Demand has already come down in the US, even before it hit $125 a barrel.

The US investment bank, Goldman Sachs, says that oil could hit $200 a barrel, on a surge.

Yes, 'a spike'.

But, Is this realistic? Doesn't this assume that there is no change in the world's demand for oil, even if it starts to lower because of the high price?

What Goldman Sachs says, is that supply tightened. Demand doesn't fall until the price goes up. So you have disequilibrium, an imbalance, which pushes the price up. They say it gives you a spike and then it's the spike that kills demand. Why not?
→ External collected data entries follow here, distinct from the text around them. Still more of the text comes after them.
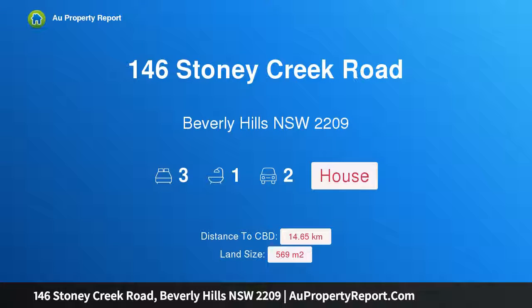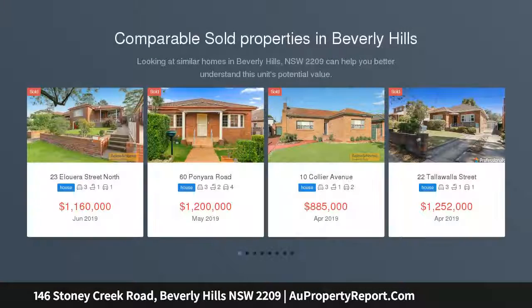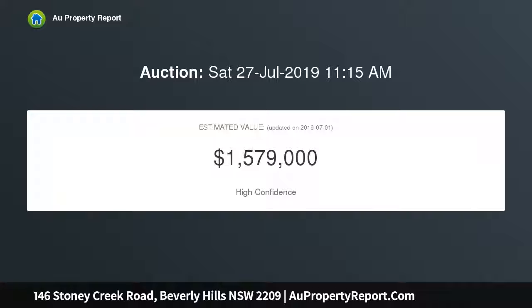Introducing 146 Stony Creek Road, Beverly Hills, New South Wales 2209. A sunlit full brick home embracing a primary north aspect, this newly refreshed full brick home offers ready-made family comfort with additional scope to further capitalise on a level 569 sqm block.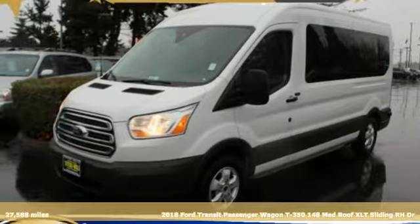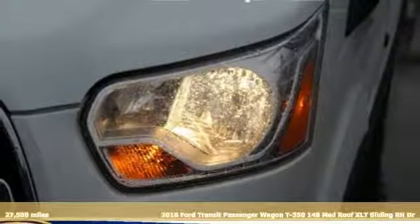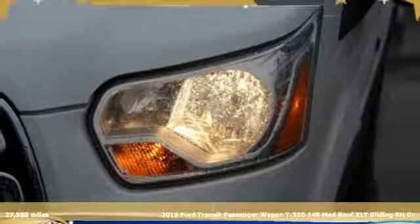Here's a 2018 Ford Transit Passenger Wagon. Ford, where tradition meets innovation.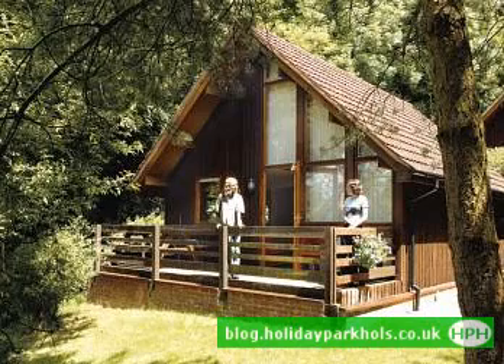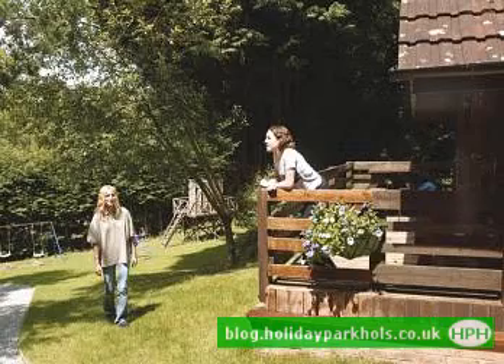The static caravans, lodges, log cabins, chalets and bungalows are great options for anyone looking to stay away, and whichever you decide upon you will have a comfortable and well-equipped stay.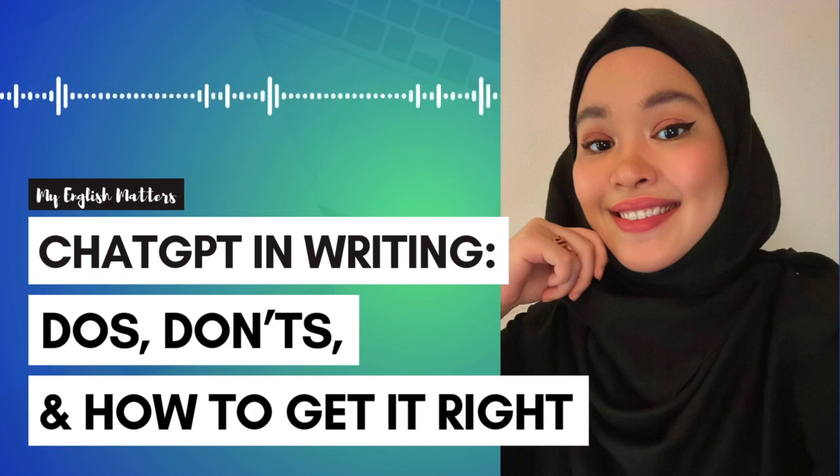And stick around because I'll also answer the question on many students' minds: do universities allow the use of ChatGPT? So let's get started.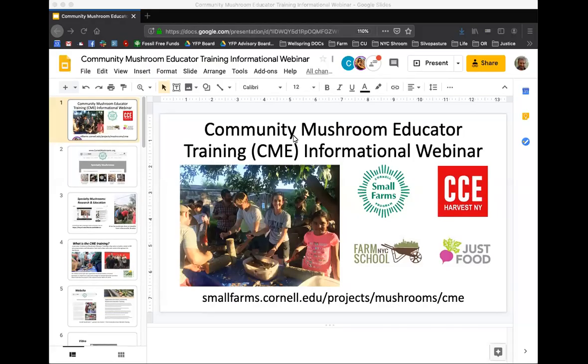Welcome to the Community Mushroom Educator Training, or as we all like to call it, CME. We're here this afternoon to share with you the outline of the program and answer any questions you might have as you consider being a participant. We're grateful for your showing up today or watching this recording at a later date.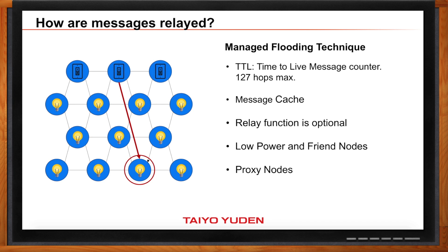They also have something called the proxy node. Let's say you have a phone that doesn't have the mesh stack — how does that phone get on the mesh network? The phone can connect to a proxy node, and then the proxy node can act as a relay for the phone. Another thing about Bluetooth mesh is that it's designed for large-scale networks. How big is large-scale? Well, you can have over 32,000 devices in a mesh network.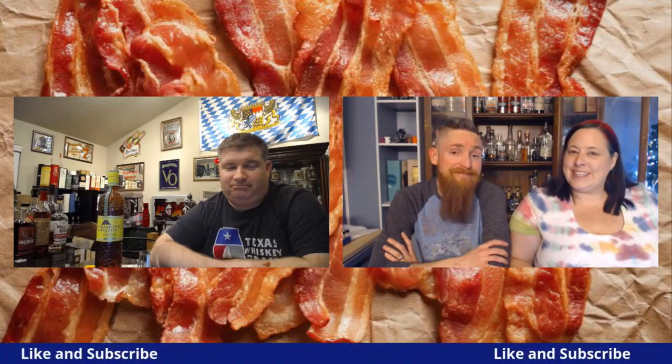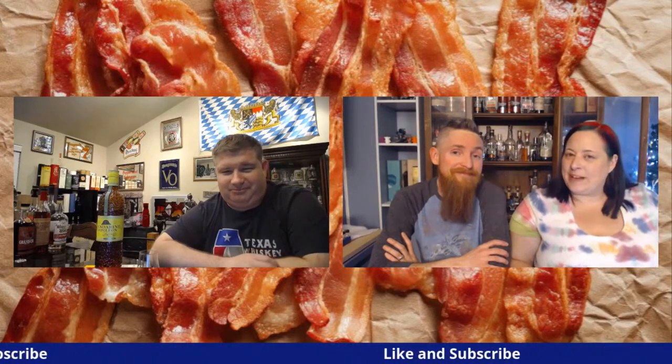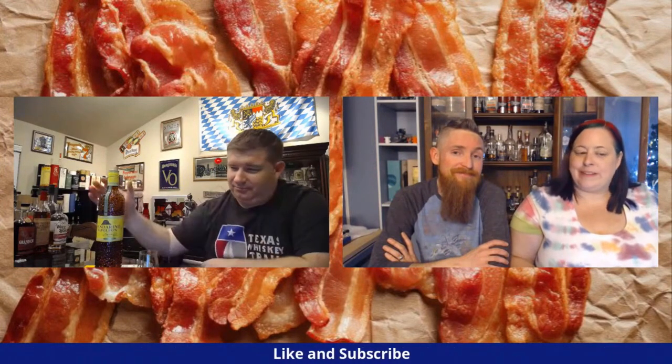Hello, welcome on in to another episode of the Whiskey Crusaders. I'm Will, I'm Sarah, and I'm Matt. This Saturday we are continuing our liqueur series with the Mandarin Napoleon.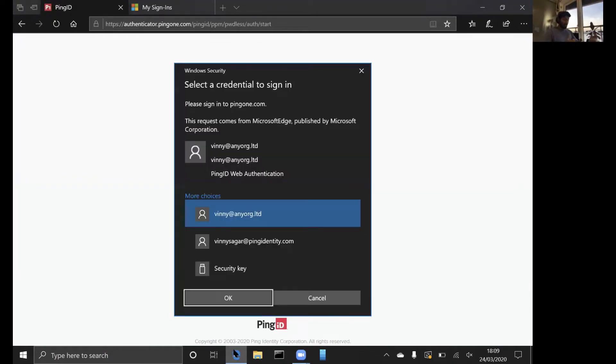This should now prompt me to sign in with the Windows Hello account. In this case, the Windows Hello account also carries my identity itself as well, so I don't have to type in my username — that's already presented over here.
But, for me the question is, 'why $200?'.

Why?

Chakib Khelil, the Algerian minister and president of Opec, made a statement to the press saying that we could have a price of $200. But it is foolish to predict that. Perhaps it will happen but there's no point in saying it.

If what the market believes is the importance of Opec, when its President says it could reach $200, they see this as a message from Opec. Then when Goldman Sachs, which plays a leading role in the futures market, says it could hit $200 in a spike, and given that the same analyst in Goldman Sachs said a year ago that it would hit $100 a barrel when it was only $60, the bank's predictions have double authority. Their analyst was right once and people in the market, in the futures market, know that Goldman Sachs has weight. So you have the weight coming from Opec, and the weight coming from the financial sector behind the same prediction. This fuels the bullish mood.

To what extent do you think there are real supply constraints, or an imbalance between supply and demand?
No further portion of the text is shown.